Plutarque résumera cette ambiguïté en rapportant une scène insolite, où Marc-Antoine tenta de mettre une couronne sur la tête de César devant la foule qui, voyant César repousser la couronne, applaudit à tout rompre : "Étrange contradiction que ce peuple, qui souffrait [tolérait] qu'on exerçât sur lui de fait une puissance royale et qui rejetait le titre de roi comme signifiant la ruine de la liberté."**

Cela ne vous rappelle rien, Français ?

*Voir une excellente synthèse de cette ascension dans Bernard Klein, Histoire romaine, Librio, 2005, pp. 71-74.

**extrait de la Vie d'Antoine dans Plutarque, Vie parellèles, Flammarion, 1995, p. 355.

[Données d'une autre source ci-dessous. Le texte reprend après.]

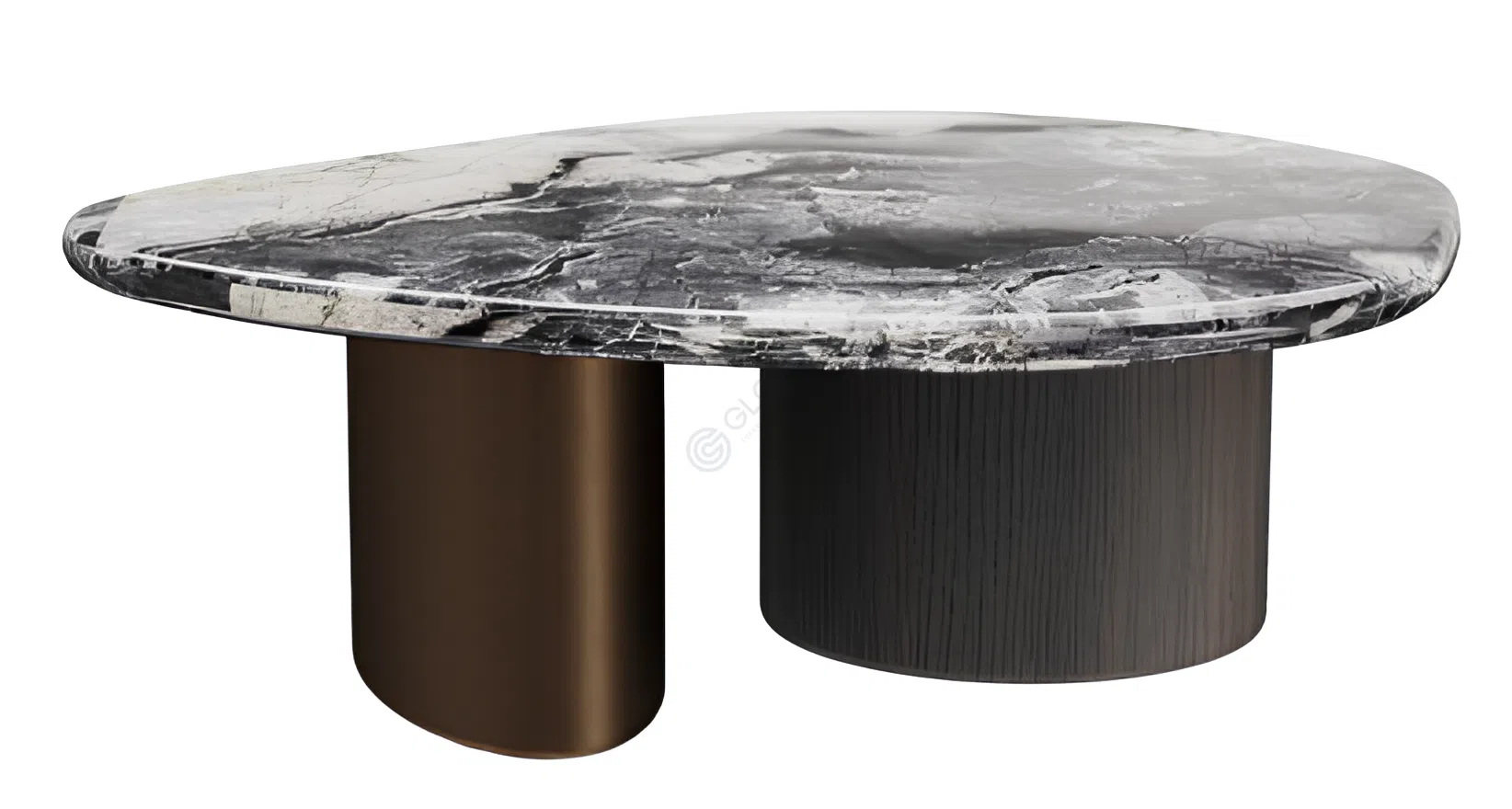 Журнальный столик ZANABONI Cloud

Les germes de la décadence

Caton d'Utique est un des derniers ardents défenseurs de la République romaine : il incarne et choisit le parti aristocratique emmené par Pompée face au parti populaire conduit par César. Dans la guerre civile qui les oppose, entre 49 et 46 av. J.-C., Caton représente l'élite patricienne qui a permis à Rome de dominer le monde, de l'affranchir de ses rois étrangers et de donner naissance à un système oligarchique et électif original, source d'inspiration pour toute la civilisation européenne.

 

Dans un dernier geste de noblesse, Caton se suicide après sa défaite militaire à Thapsus contre César. Malgré ses réussites historiques, l'aristocratie romaine n'a pas su préserver le système politique romain et a laissé César puis Auguste le dénaturer pour le transformer en monarchie "orientale" dont l'empereur fut progressivement déifié. 

 

Pour certains aristocrates, cette décadence est aussi le fruit d'une dépravation culturelle et morale. Contrairement à ce qu'on croit souvent, la culture grecque n'était pas unanimement appréciée par les Romains, ou du moins sa dimension universelle et cosmopolite, que les vieux Romains, frugaux, abhorraient.

 

L'aristocratie romaine était dépositaire de la culture romaine, de l'austérité de ses mœurs, dont un de ses plus glorieux ancêtres, Caton l'Ancien, regrettait qu'elles soient "contaminées" par l’hellénisme, à travers la comédie, la tragédie, la philosophie, la rhétorique et la littérature grecques qui répandaient, selon des aristocrates romains, corruption et débauche.

La Mort de Caton d'Utique, par Jean-Paul Laurens, 1863

Cela explique l'exorde de Plaute à l'une de ses pièces : "Spectateurs, cette pièce est écrite selon la loi des chastes mœurs ! Vous n'y avez vu ni amours, ni caresses, ni supposition d'enfant, ni argent escroqué, ni jeune galant affranchissant une courtisane à l'insu de son père. Elles sont rares chez les poètes, les comédies comme celle-ci, où les bons apprennent à être meilleurs."*

 

*Plaute, Epilogue des Captifs, dans Mommsen, Histoire romaine, Robert Laffont, Paris, 1985, p. 673.